Payoff -- The return on a campaign investment made by a vested-interest contributor -- e.g., special appointments (such as ambassadorships), tax breaks, subsidies, regulatory exemptions, committee action to approve or block particular legislation. See also "Investment"
"[I]t's not as if it's a specific payoff, like you get a bag of money one night for voting a particular way. It's much harder to describe, and I think in many ways it's much more insidious." -- former U. S. Rep. Peter Kostmayer (D-Pa.)
Permanent Campaign -- The common practice of continuous fundraising throughout one's term in office in order to have as much money on hand as possible for the next election, thus discouraging prospective challengers. See also "War Chest"
"Someone like me, in a very marginal seat, begins thinking about re-election a day or so after he is sworn in for a new term -- if he wants to get re-elected." -- former U. S. Rep. Jim Bacchus (D-Fla.)
Personal Use -- Expenditure of campaign funds for such things as the candidate's wardrobe, family vacations, or mortgage payments.
Plutocracy -- The wealthy elite who dominate American politics by virtue of public officials' dependence on their campaign contributions, or by virtue of their ability to use their money to win major public office themselves. As campaigns become more expensive, more millionaires are becoming candidates and getting elected. In 1992, 71 of 435 U.S. Representatives (16 percent) and 26 of 100 U.S. Senators (26 percent) were millionaires. Fewer than one-half of 1 percent of the U.S. population are millionaires.
Pockets of a Politician's Coat -- An expression coined by Kent Cooper of the Federal Election Commission that refers to the various accounts for which politicians can solicit funds from contributors who may want to gain access and influence. Examples include politicians' re-election committees, "soft money" accounts for contributions to state and local parties, their favorite charities, their "leadership" PACs, non-profit foundations they head, their legal defense funds, and politicians' own "pockets" for receiving personal loans, all-expenses-paid family vacations, the free use of cars, planes, accommodations, etc.
Political Action Committee (PAC) -- A popular term for a political committee that is not a candidate's campaign committee or a party committee, and that is organized for the purpose of raising and spending money to elect and defeat candidates. Most PACs represent business, labor, or ideological interests.

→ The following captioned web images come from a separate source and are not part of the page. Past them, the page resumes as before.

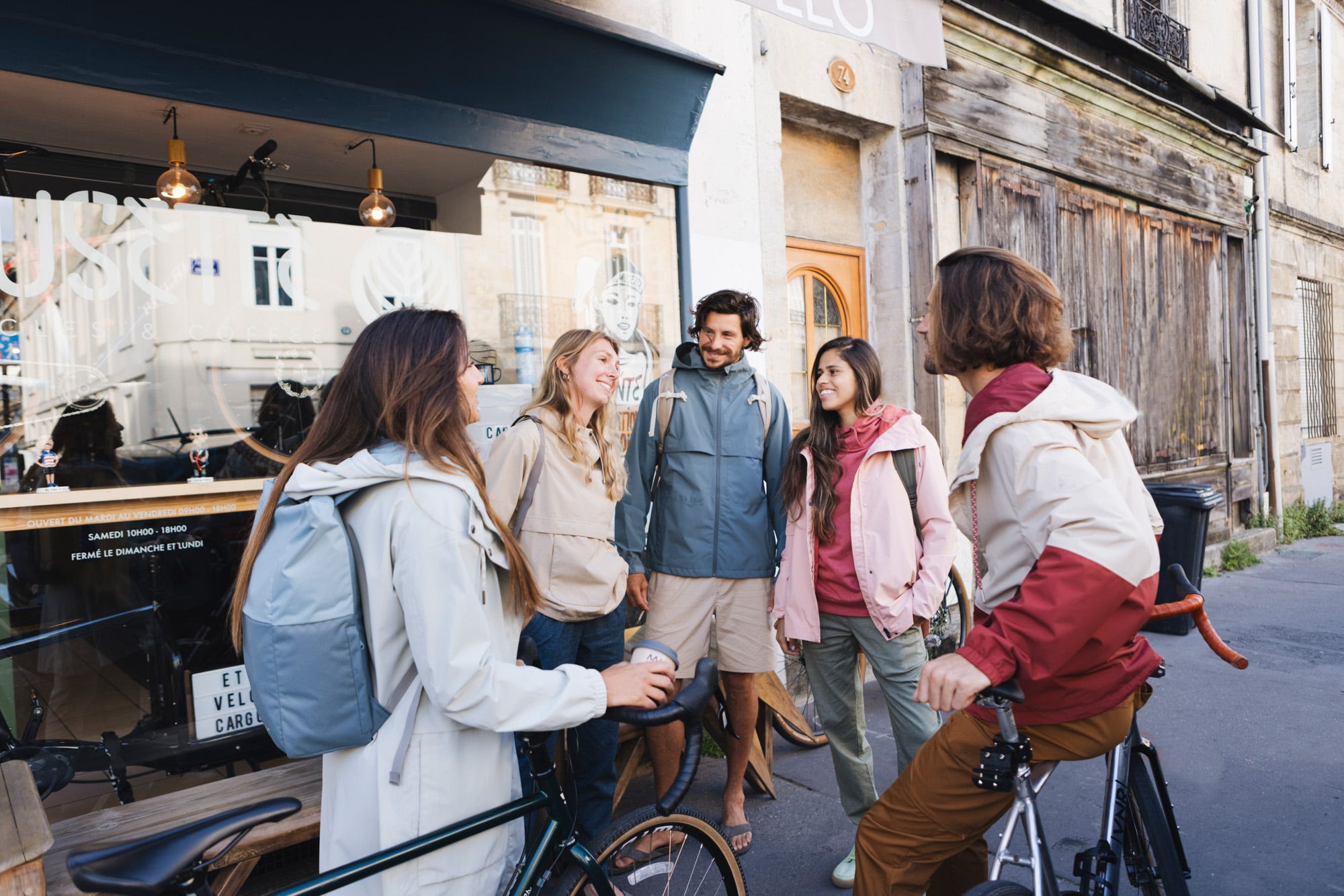 Eine fröhliche Gruppe junger Menschen in der Stadt mit Outdoorjacken.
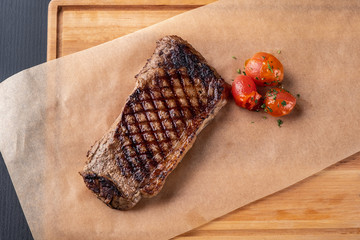grilled steak with tomatoes on a wooden board, close-up, top view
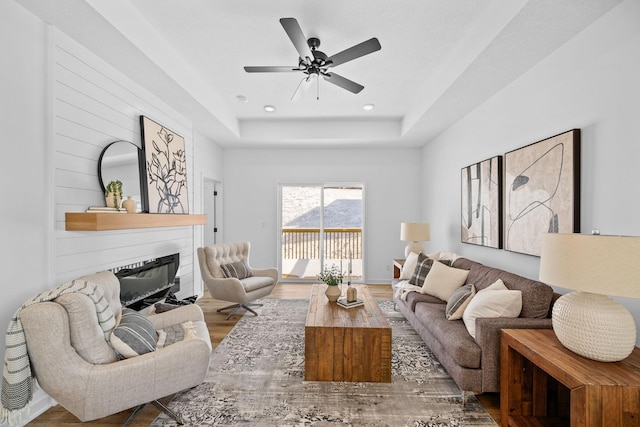 living area featuring ceiling fan, recessed lighting, a glass covered fireplace, wood finished floors, and a raised ceiling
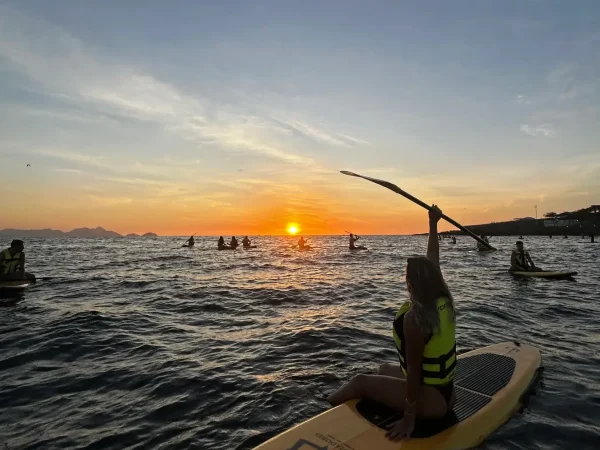 Mulher de costas na prancha de SUP levantando o remo em direção ao sol nascendo no horizonte em Copacabana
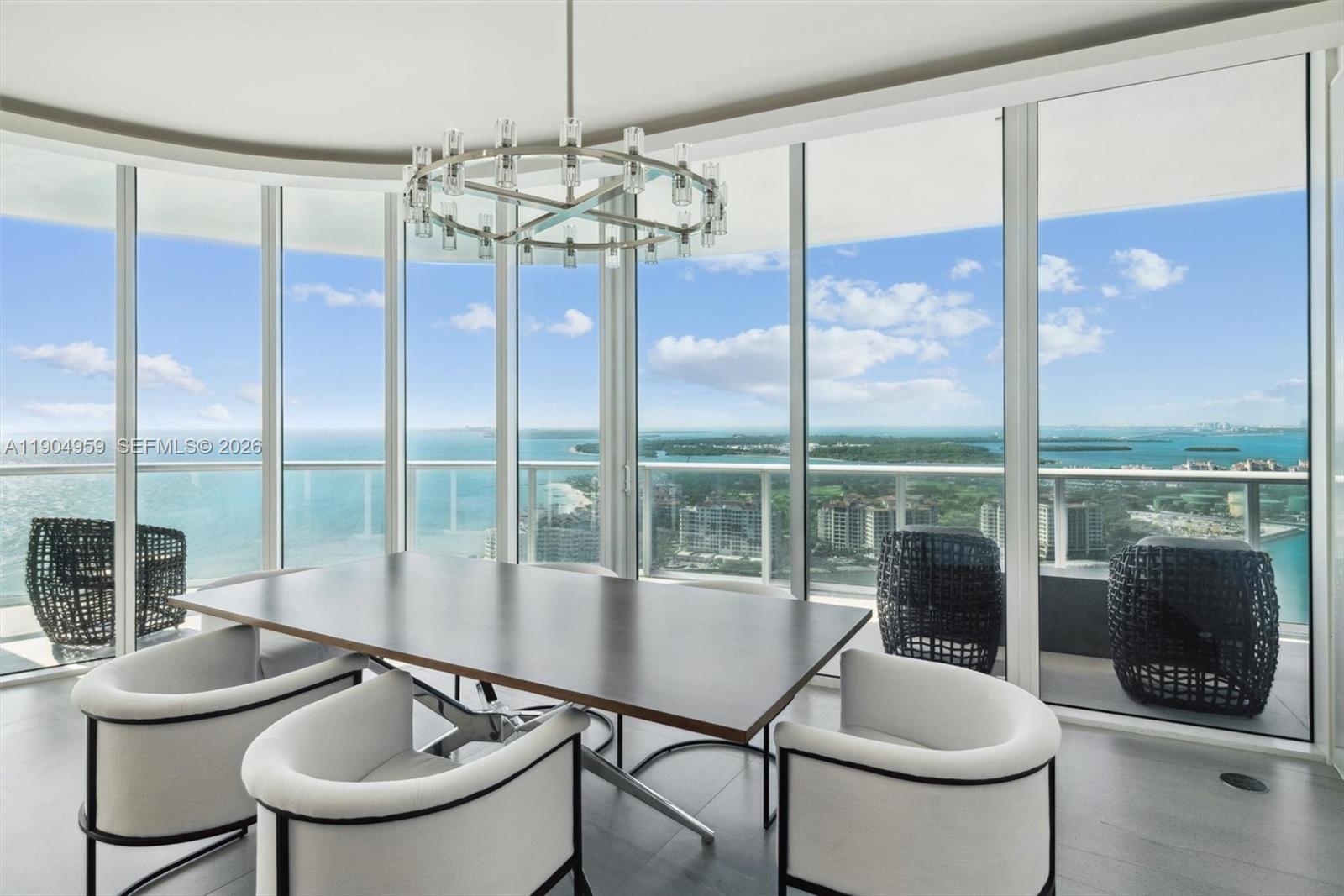 A dining room with a modern chandelier and floor-to-ceiling windows overlooking the ocean — 100 S Pointe Dr # 3203, Miami Beach FL 33139, MIAMI BEACH, FL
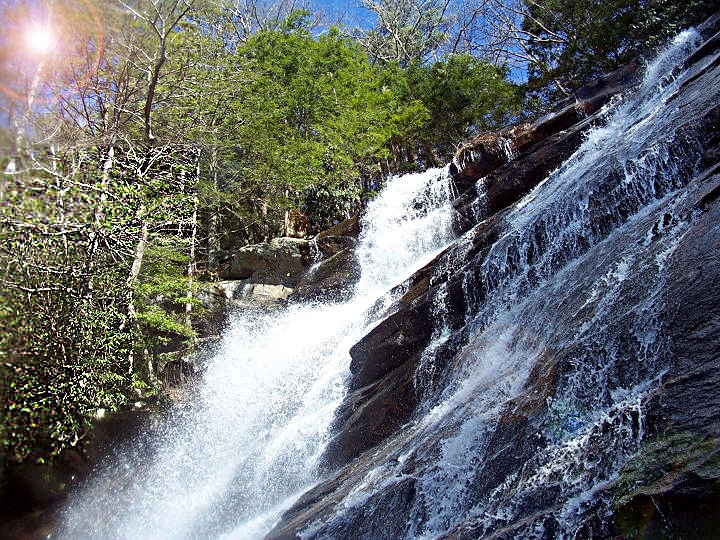 Panther Creek Falls in high water, white water pouring down a tall rock face in the Cohutta Wilderness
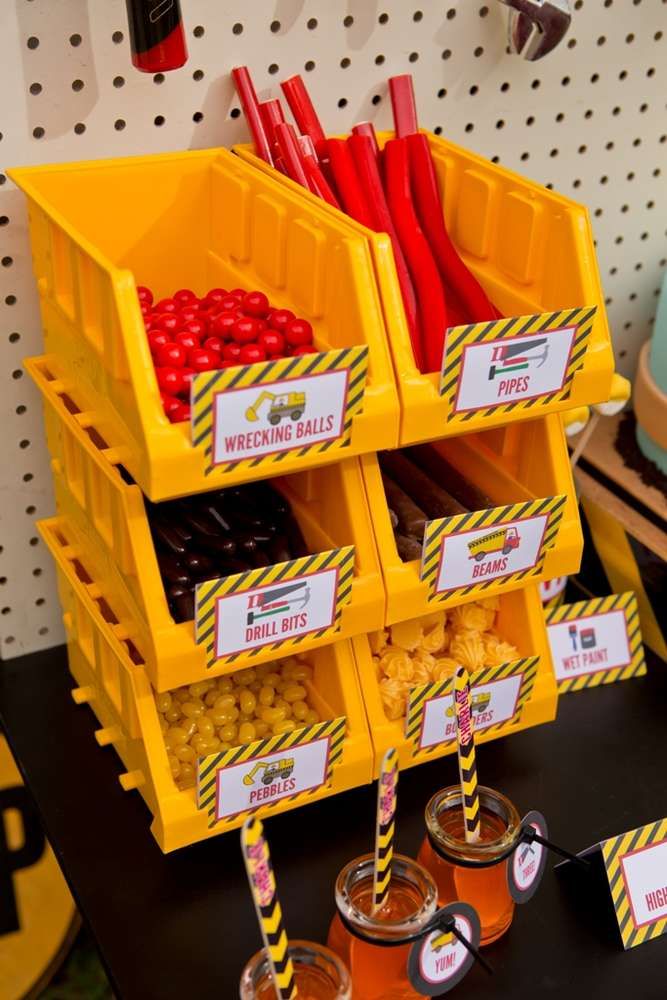 two yellow bins filled with food on top of a table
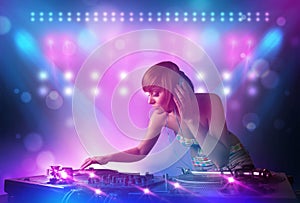 Disc jockey mixing music on turntables on stage with lights and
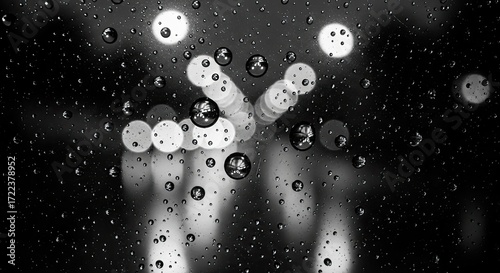 Abstract view of raindrops on a window at night, blurred city lights visible through the water droplets.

Political Foundation -- A non-profit, tax-exempt organization set up by or on behalf of an elected official for the stated purpose of conducting public education. In practice, such foundations are often used to advance the political careers of particular politicians; because such foundations can accept gifts of any size, moneyed interests use them to curry favor with politicians without the constraint of campaign contribution limits.
Price of Admission -- The amount of money it takes to be elected to a major public office. For example, during the 1994 congressional elections, the average winner spent $516,000, and those challengers who spent less than $150,000 lost 100 percent of the time.
Primary -- An intra-party election for the purpose of determining the party's nominee in the general election.
Principal Campaign Committee -- The FEC's designation for the main (or only) committee authorized by the candidate to raise and expend funds to promote his or her election or re-election. Usually called the "Committee to (Re-) Elect Pat Smith."
Public Financing -- Campaign money supplied by the government to eligible candidates. The federal government provides presidential candidates with matching public funds in the primary and full public financing in the general election. Twenty-three states provide partial public financing to candidates for various state offices and/or to political parties.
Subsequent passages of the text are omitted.